Alors que la campagne pour les législatives, après la dissolution de l’Assemblée nationale, par le président Emmanuel Macron, bat son plein, avec chaque jour son lot de surprises, pourrait-on dire qu’une autre campagne a fait son apparition, une campagne numérique ? Samuel Nowakowski estime que : "La campagne numérique n’est qu’une dimension de la campagne classique. Elle a ses codes." Et toutes les parties prenantes ou presque tentent de s’y glisser. Le scientifique précise que "l’extrême droite a depuis longtemps une vraie stratégie d’occupation de cet espace". Le travail d’une de ses étudiantes a mis en évidence de fortes connexions entre des événements de rue et leur pendant numérique chez l’extrême droite allemande. Cette dernière aussi a investi depuis très longtemps ce terrain.
En France, la gauche a une autre logique d’utilisation du numérique. "On le voit en ce moment, il est proposé par la gauche de participer à la création d’affiche. Il y a plus une offre participative."

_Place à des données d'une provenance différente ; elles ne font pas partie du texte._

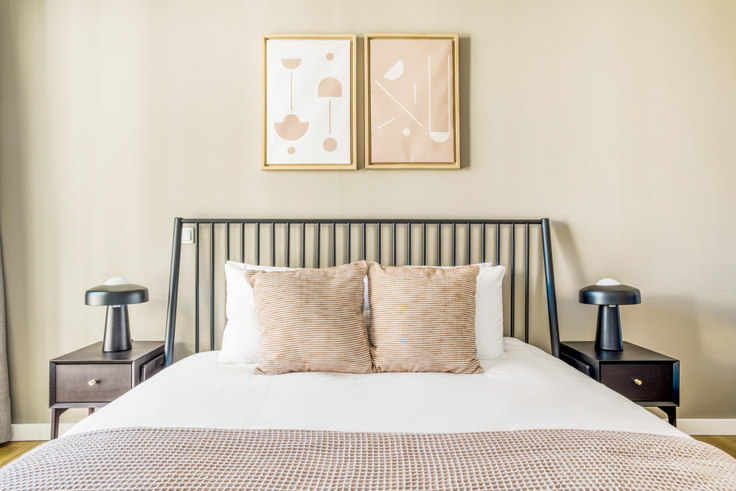 Rosy Living, Rosenthaler Str. - Foto 4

Dans un article, dans The Conversation du 20 juin 2024, Tristan Boursier, Docteur en Science politique à Sciences Po, explique : "Jordan Bardella a adopté la plupart des codes de ces influenceurs. Contrairement à Manon Aubry (LFI), qui se concentrait sur son programme et ses idées, Bardella s’est mis en scène dans des activités quotidiennes anodines (boire une bière, manger des bonbons, etc.). Cela lui a permis de créer un lien parasocial avec les électeurs. Ses contenus sont également fréquemment repris par des chaînes sympathisantes, amplifiant leur viralité.

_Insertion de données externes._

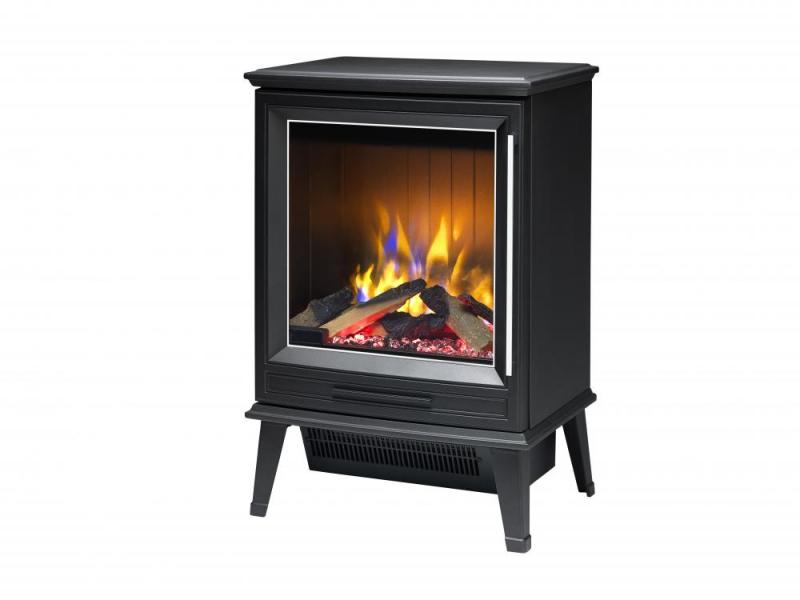 Laverton Freestanding Optiflame 3D Electric Stove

Ce type de contenu séduit particulièrement les 18-24 ans, ce qui s’est traduit en termes de vote : aux Européennes, le RN a recueilli le plus de voix de moins de 25 ans. (…) La focalisation autour de la présence de Jordan Bardella sur TikTok n’est que la face émergée des dynamiques de politisations qui s’opèrent en ligne."
TikTok a dépassé le milliard d’utilisateurs dans le monde en seulement 5 ans.